Umm...yeah. That's a nutella bacon sandwich.
The thing is, I love to eat and I love some decadent foods. Yes, food is fuel, but food is also a joy in life. I'll forgo some of that joy, but not all of it. In fact, much of the reason I exercise regularly is to be able to enjoy some of those decadent foods with less worry. Simply put, I'm not giving up some food luxuries just to get to an ideal running and triathlon weight.

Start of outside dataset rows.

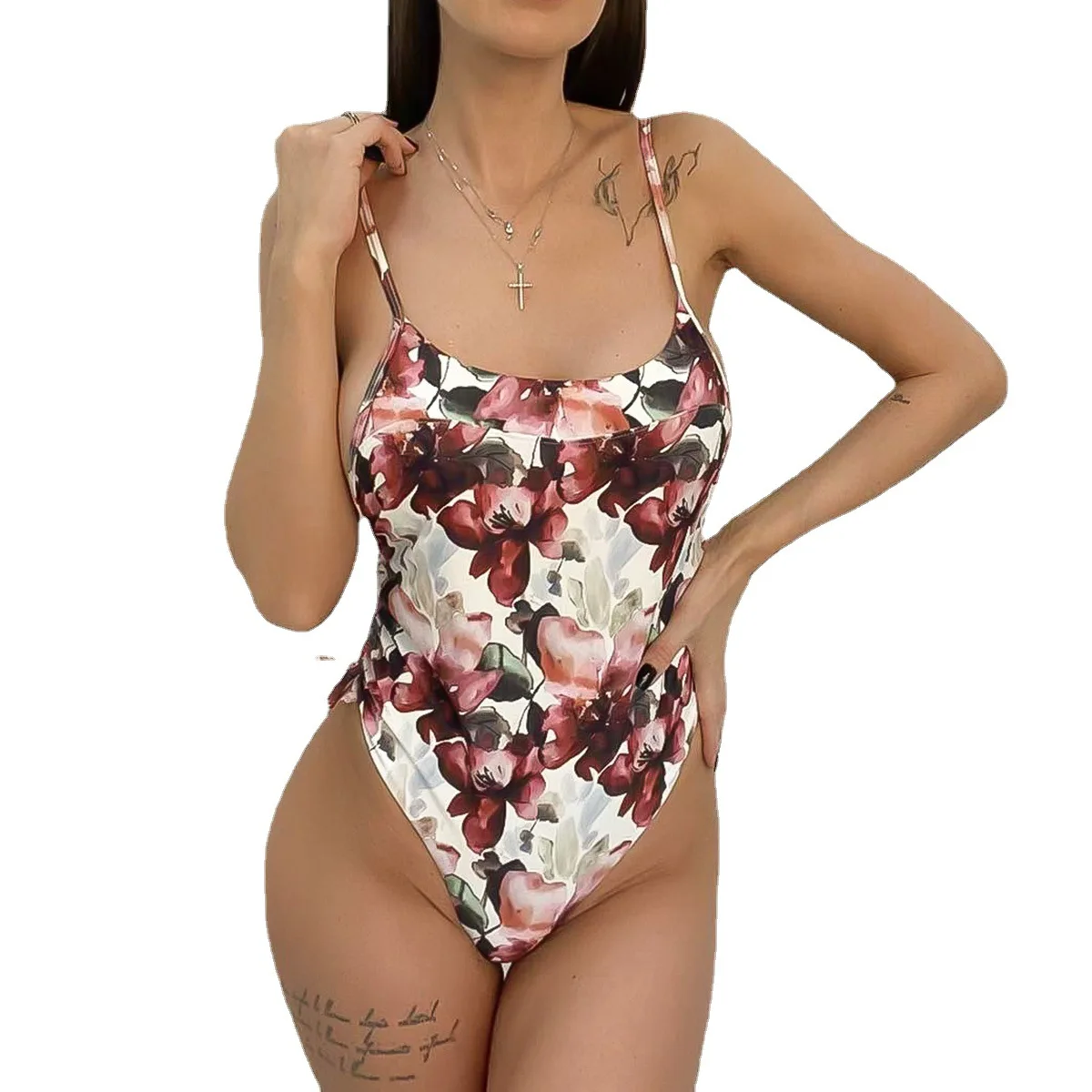 New Bandage One-piece Swimsuit Women's Sexy Bikini Print Swimwear Women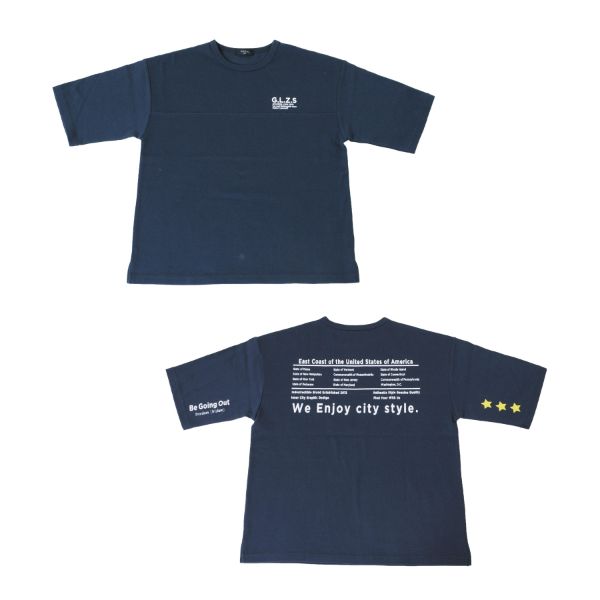 厚手天竺・抗菌防臭加工ドロップショルダーバックプリント5分袖Tシャツ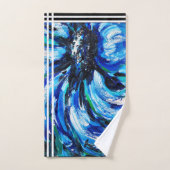 Blauwe bloem bad handdoek (Handdoek)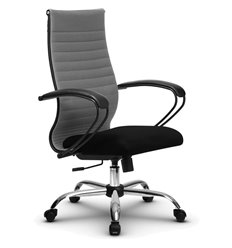 Кресло для руководителя Метта B 2b 19/К130 (Комплект 19) светло-серый, ткань, крестовина хром фото 1
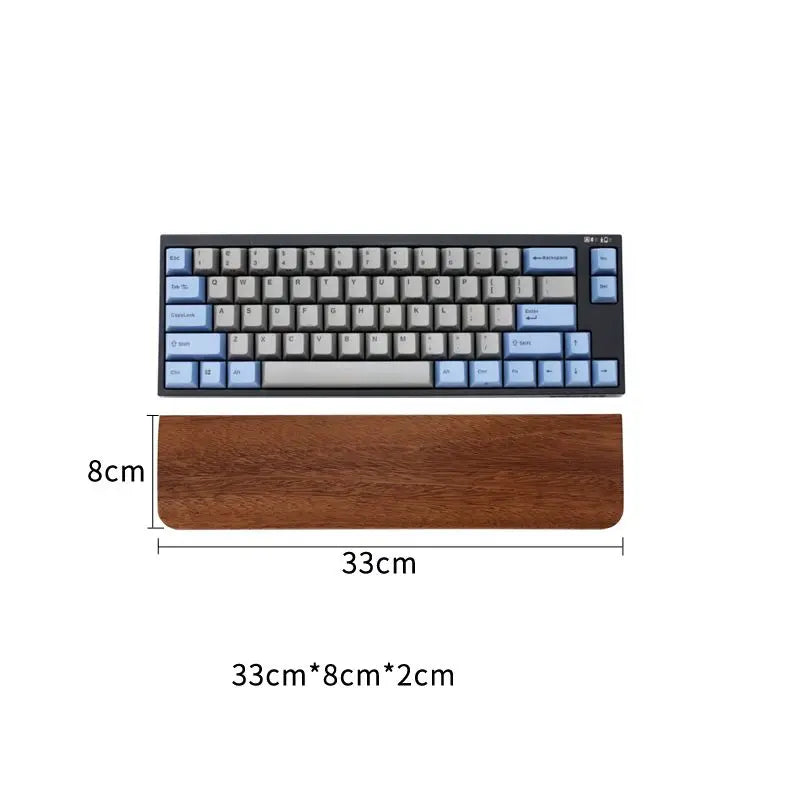 Walnut Wood Keyboard Wrist Rest - Ergonomic Palm Pad for Mechanical Keyboards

But I am willing to improve my eating. I don't need to eat decadent foods with every meal. I can certainly eat less or eat better. I've already started this by moving my breakfast to a calorie-packed, but very nutritious, smoothly instead of any old junk I can find before heading out the door.

Will It Make Me Faster?

Another thought I have when I consider weight is would losing 10-15 pounds make me faster? I'm not delusional. I'm not a competitive triathlete and runner, and I never will be. I do these things for fun and to see how far I can push myself and as an example of healthy living for my children and always with the specter of my father's far too early death after living a life free of exercise. But being faster is fun and it is pushing myself a little farther. So I would like to be a bit faster. And I'm pretty sure some weight loss would definitely help my speed both in biking and running. It seems like a worthwhile goal, particularly if I am able to control the weight loss to be mostly fat loss and minimized muscle loss.

180 Pounds, Perhaps

So, I'm thinking the target is about 180 pounds. That's still well in excess of ideal racing weight, and I'm fine with that. Just those 10-15 pounds less being carried around for the thousands of miles I'll run and bike is almost certain to reduce my risk of injury, possibly significantly. Hopefully, that lower weight will allow my feet to be a little happier during ultra distance running. I will appreciate any small speed gains that weight loss brings. And I'll accept the bit of muscle and strength loss that comes with the reduced weight. Hopefully, those will be minimal if I keep up strength training and properly balance my nutrition.

Doing It On The Cheap

And this post really wouldn't be a Cheaply Seeking Fitness post if I didn't bring up the cost concern. Eating healthy can be expensive! For several months, my wife and I participated in a meal delivery service in order to try to eat healthier, but the cost was too much to swallow (and the food wasn't very good, either.) Since then, I do believe we've been eating relatively healthy, excluding a few indulgences such as Yasso Sea Salt Carmel bars and nutella bacon sandwiches and ordering sushi and thai food a bit too often. So, it seems just by cutting portion sizes slightly without any major changes to my diet otherwise will lead to both a bit of weight loss and saving a little money.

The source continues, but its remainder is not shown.